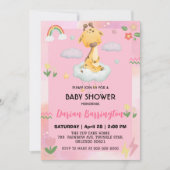 Invitation Girafe de Cute baby shower ballon de fleurs (Devant)
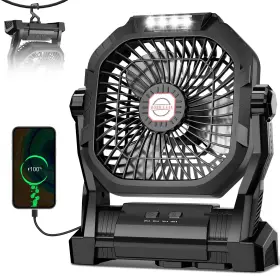 Roshopi 803173645821 Camping Fan Rechargeable 20000mah Battery Powered Portable With Led Ligh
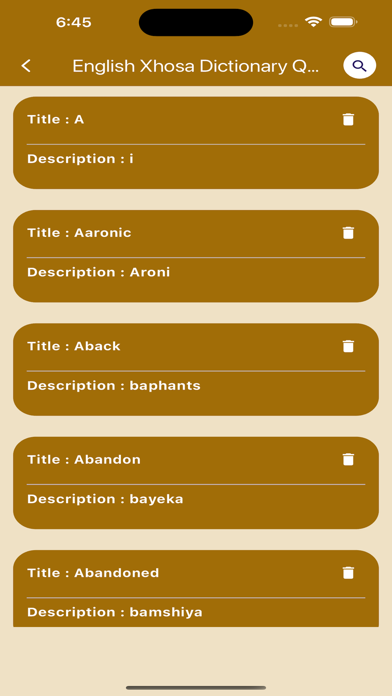 English Xhosa Dictionary Quiz Screenshot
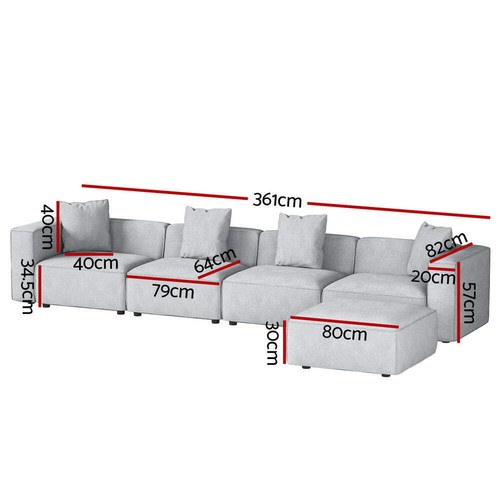 Artiss Modular Sofa Chaise Set 5-Seater Grey - Picture 2 of 7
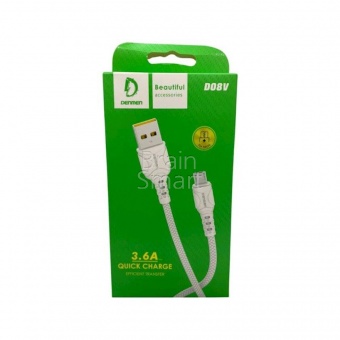 USB кабель Micro Denmen D08V (1м/3.6A) Белый - фото, изображение, картинка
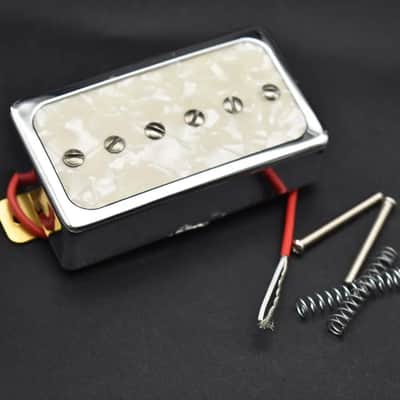 White Pearl Neck and Bridge Guitar P90s Humbucker Pickups Set image 3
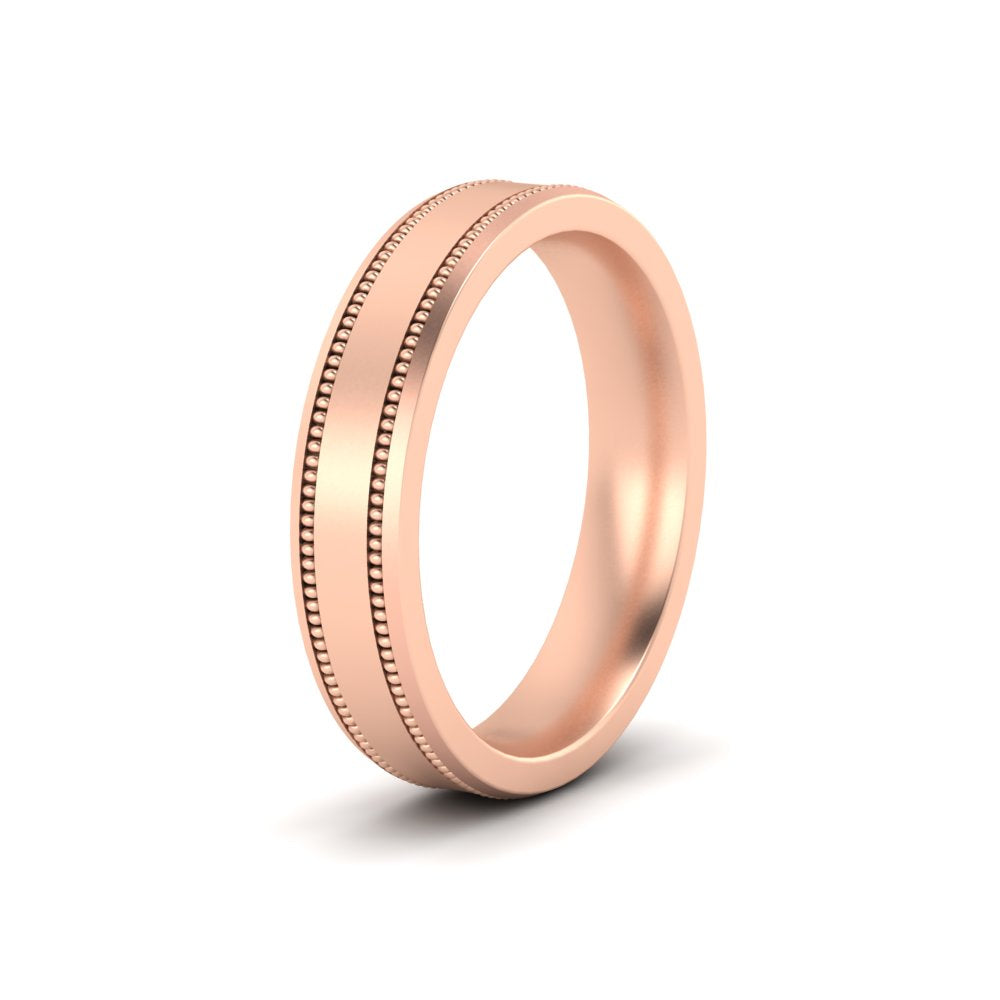 5 mm Mens Band Double Milgrain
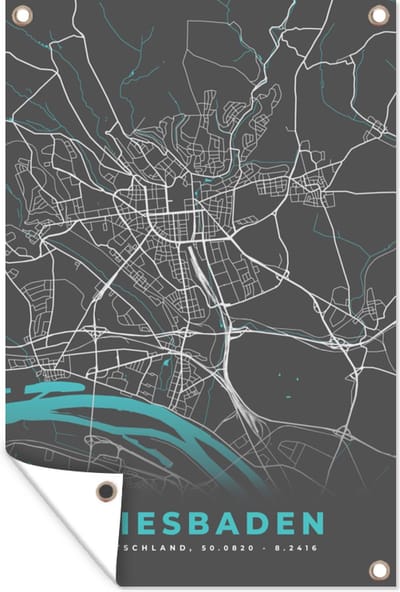 Muurdecoratie Stadskaart – Plattegrond – Duitsland – Blauw – Wiesbaden – Kaart - 120x180 cm - Tuinposter - Tuindoek
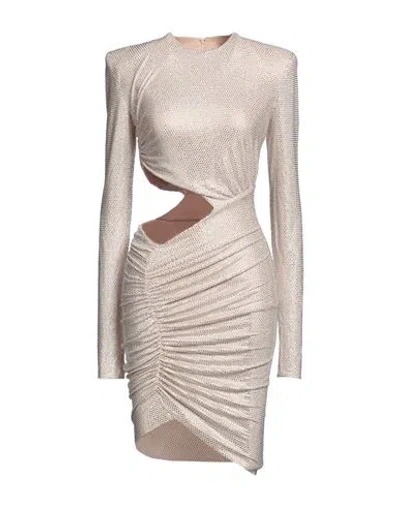 Alexandre Vauthier Woman Mini Dress Beige Size 6 Viscose, Elastane, Glass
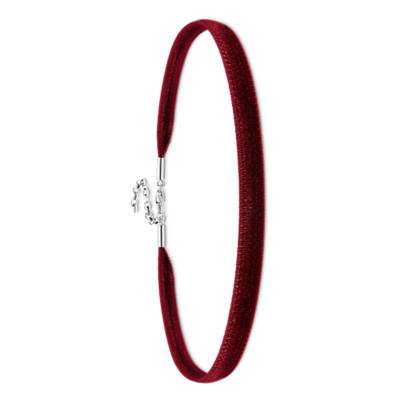 Chocker Revival 90ies en Velours Rouge en Argent 925, Longueur 32 à 38 cm - KE1728-331-10-L36V - Thomas Sabo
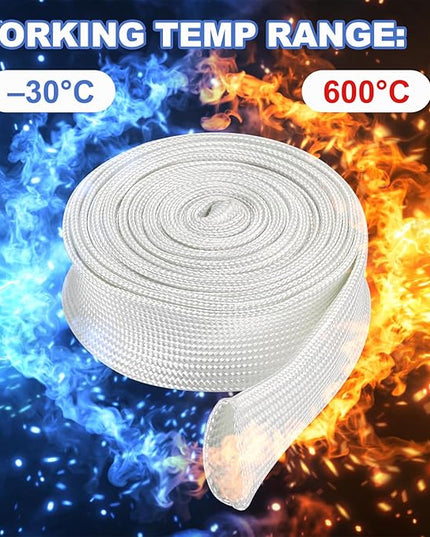 uxcell Insulation Cable Protector,35mm/1.38 Inch-2m/7 Feet High Temp Fiberglass Sleeve White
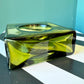 Vintage Chartreuse Square Glass ‘Diabolo’ Vase by Christian Tortu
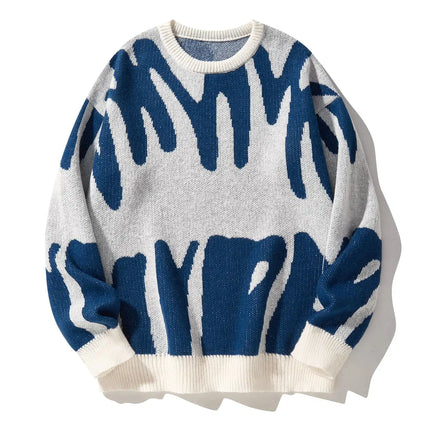 CN Fujian Mens Irregular Jacquard Pullover Sweater Casual by zapcart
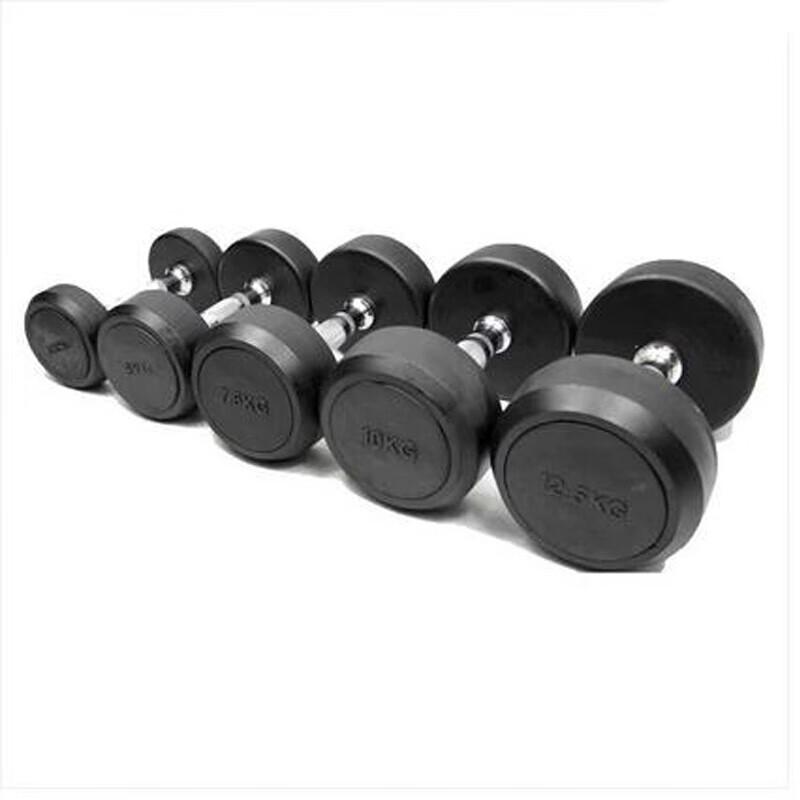 WeiBu Rubber-Coated Dumbbell Set with Triangular Rack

--------------------

All of the material goes into the answer exactly as it stands, except for the pictures.

**EXERCISE ANSWER:**
 Invitation Girafe de Cute baby shower ballon de fleurs (Devant)
 Roshopi 803173645821 Camping Fan Rechargeable 20000mah Battery Powered Portable With Led Ligh
 English Xhosa Dictionary Quiz Screenshot
 Artiss Modular Sofa Chaise Set 5-Seater Grey - Picture 2 of 7
 USB кабель Micro Denmen D08V (1м/3.6A) Белый - фото, изображение, картинка
 White Pearl Neck and Bridge Guitar P90s Humbucker Pickups Set image 3
 5 mm Mens Band Double Milgrain
 Muurdecoratie Stadskaart – Plattegrond – Duitsland – Blauw – Wiesbaden – Kaart - 120x180 cm - Tuinposter - Tuindoek
 Alexandre Vauthier Woman Mini Dress Beige Size 6 Viscose, Elastane, Glass
 Chocker Revival 90ies en Velours Rouge en Argent 925, Longueur 32 à 38 cm - KE1728-331-10-L36V - Thomas Sabo
 uxcell Insulation Cable Protector,35mm/1.38 Inch-2m/7 Feet High Temp Fiberglass Sleeve White
 Vintage Chartreuse Square Glass ‘Diabolo’ Vase by Christian Tortu
 CN Fujian Mens Irregular Jacquard Pullover Sweater Casual by zapcart
 WeiBu Rubber-Coated Dumbbell Set with Triangular Rack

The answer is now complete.